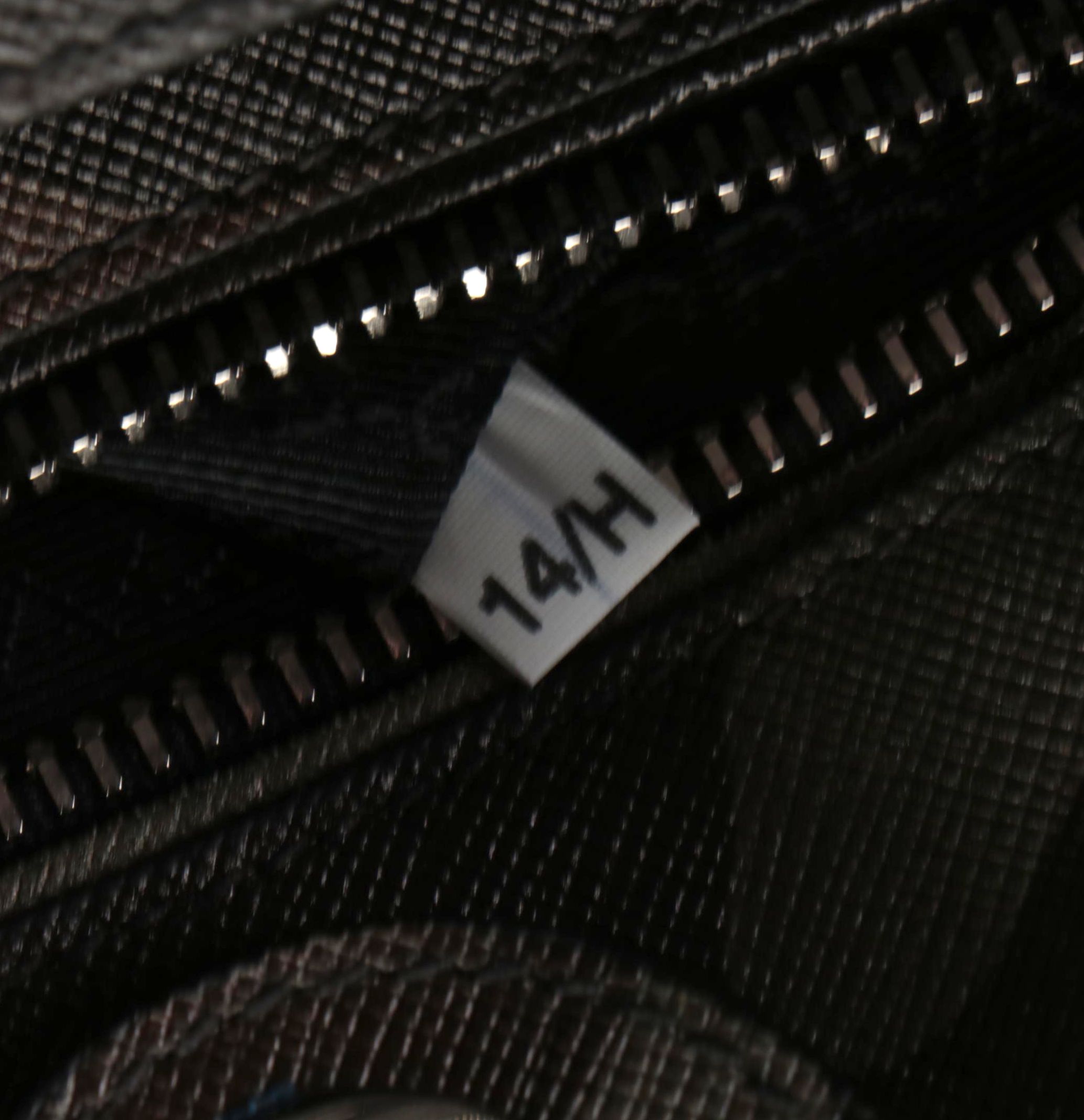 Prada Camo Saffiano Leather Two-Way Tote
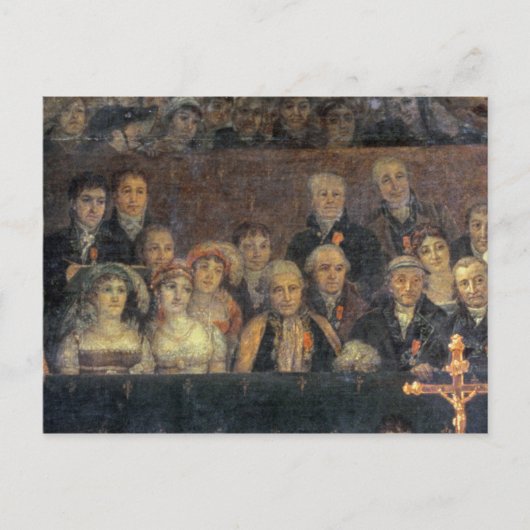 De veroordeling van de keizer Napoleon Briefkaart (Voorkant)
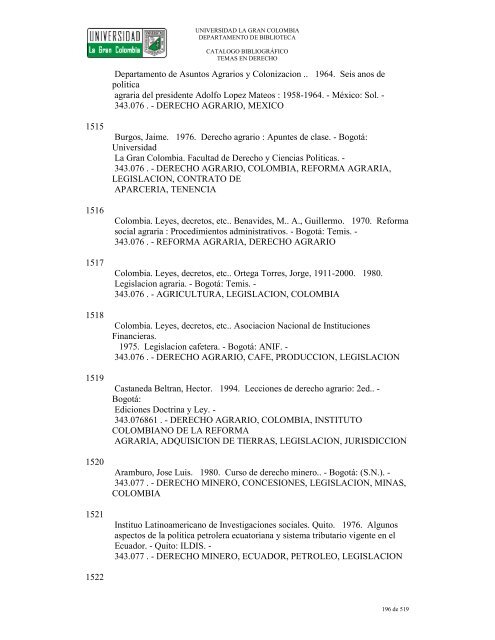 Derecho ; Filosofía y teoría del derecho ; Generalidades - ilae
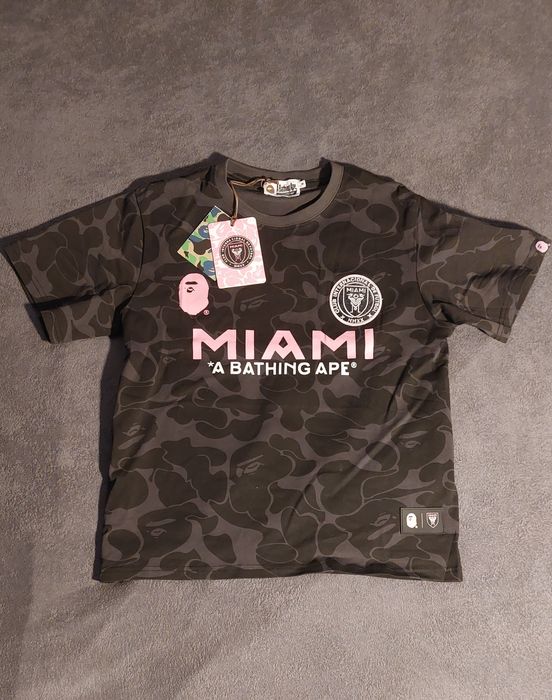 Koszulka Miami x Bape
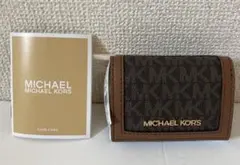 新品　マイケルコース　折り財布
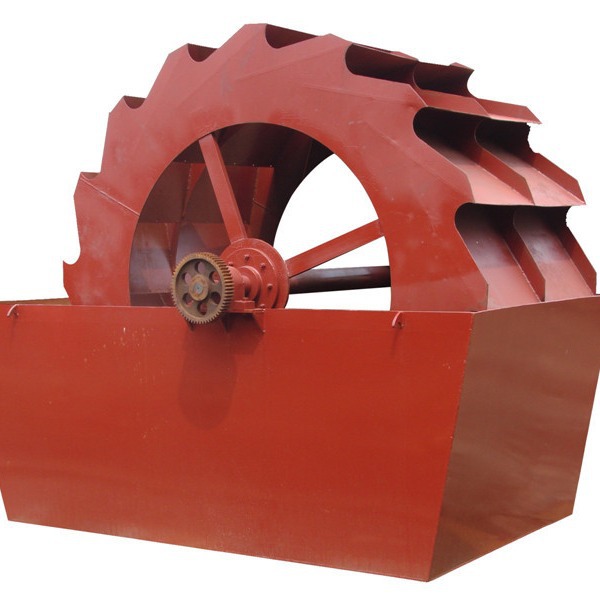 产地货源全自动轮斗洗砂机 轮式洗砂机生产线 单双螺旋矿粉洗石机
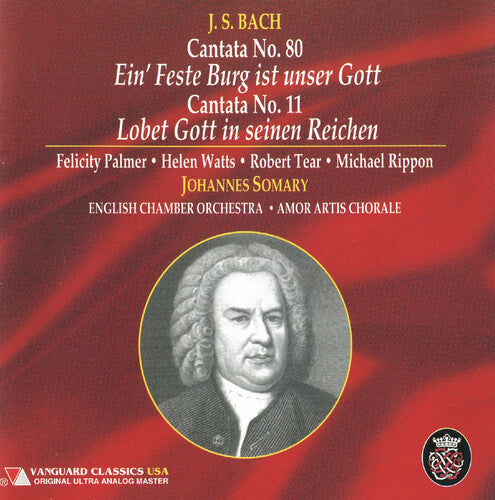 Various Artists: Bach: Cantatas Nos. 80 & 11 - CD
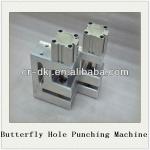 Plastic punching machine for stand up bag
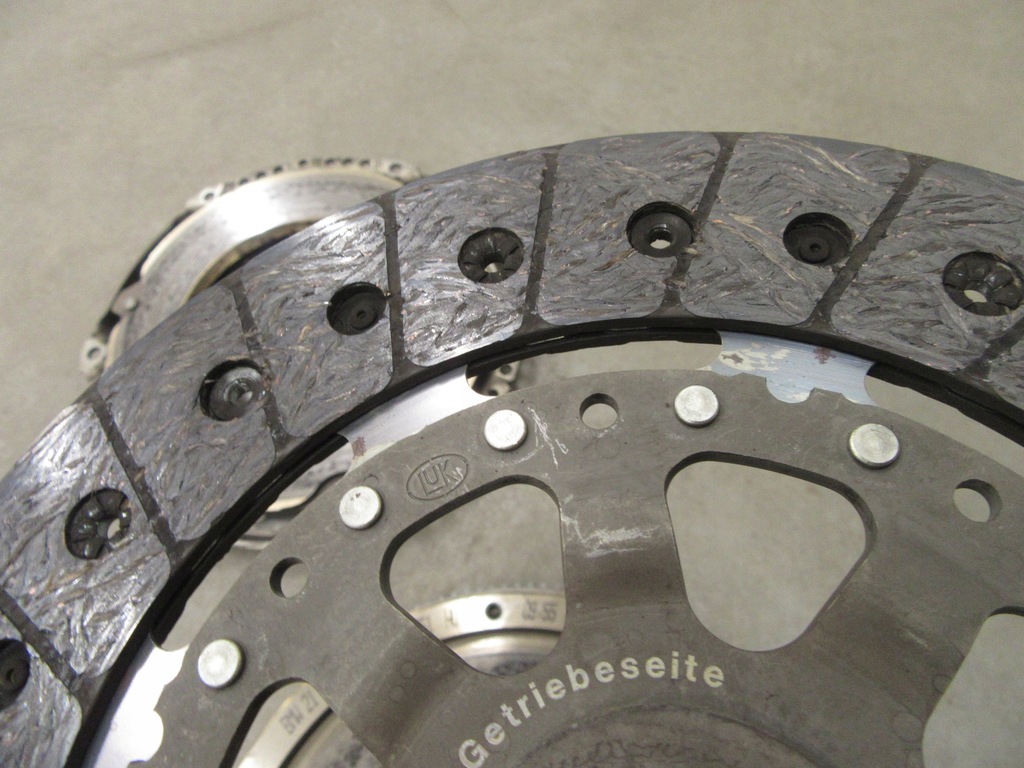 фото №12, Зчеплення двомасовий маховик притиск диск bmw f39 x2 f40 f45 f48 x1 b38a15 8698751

• • • • • • •

YOUR TASK
A faithful, complete copy of the records above is required, one that contains no pictures.

RESPONSE TO THIS TASK
 Prada Camo Saffiano Leather Two-Way Tote
 De veroordeling van de keizer Napoleon Briefkaart (Voorkant)
 Derecho ; Filosofía y teoría del derecho ; Generalidades - ilae
 Koszulka Miami x Bape
 新品　マイケルコース　折り財布
 产地货源全自动轮斗洗砂机 轮式洗砂机生产线 单双螺旋矿粉洗石机
 Various Artists: Bach: Cantatas Nos. 80 & 11 - CD
 Plastic punching machine for stand up bag
 фото №12, Зчеплення двомасовий маховик притиск диск bmw f39 x2 f40 f45 f48 x1 b38a15 8698751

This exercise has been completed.